Reference: Xue, B., Guo, Q. *, Hu, T., Xiao, J., Yang, Y., Wang, G, Tao, S., Su, Y., Liu, J. and Zhao, X. Global patterns of woody residence time and its influence on model simulation of aboveground biomass. Global Biogeochemical Cycles.31(5): 821-835.
SRTM (shuttle radar topography mission) DEM (digital elevation model) is a near-global terrain product with high accuracy, and has been widely used in many researches. However, it has been proved that SRTM DEM is systematic higher than the real ground truth in vegetation regions, as the absorption and reflection of radar signal from leaves and trunks of vegetation, and terrain conditions. To reduce the SRTM systematic bias in vegetated areas, we collected over 150, 000 km2 airborne LiDAR data to develop a new globally corrected SRTM DEM. 1) The SRTM DEM error models depending on canopy height data, canopy cover data and land cover data were built over various vegetation types. 2) The linear regression based method was used to estimate the original SRTM DEM error and therefore correct the SRTM DEM data.
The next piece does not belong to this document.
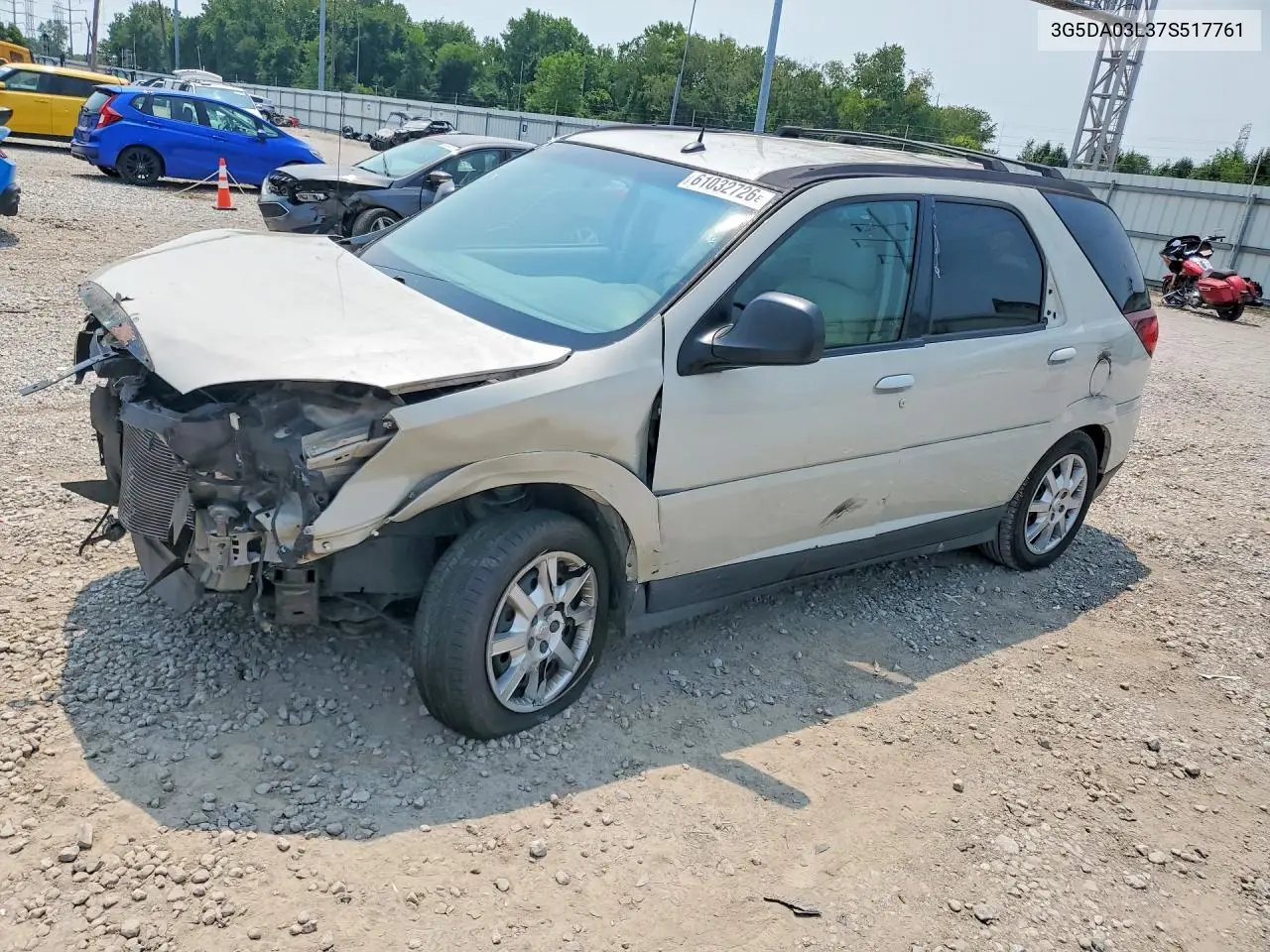 2007 Buick Rendezvous Cx VIN: 3G5DA03L37S517761 Lot: 61032726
Notes: The CSRTM file with an extension of “_corrected.tif” are corrected topographic data. The other SRTM data are not corrected as they are not covered by vegetation.
Reference: Zhao Xiaoqian, Su Yanjun, Hu Tianyu, Chen Linhai, Gao Shang, Wang Rui, Jin Shichao, Guo Qinghua*. 2018. A Global Corrected SRTM DEM Product for Vegetated Areas. Remote Sensing Letters. 9(4): 393-402.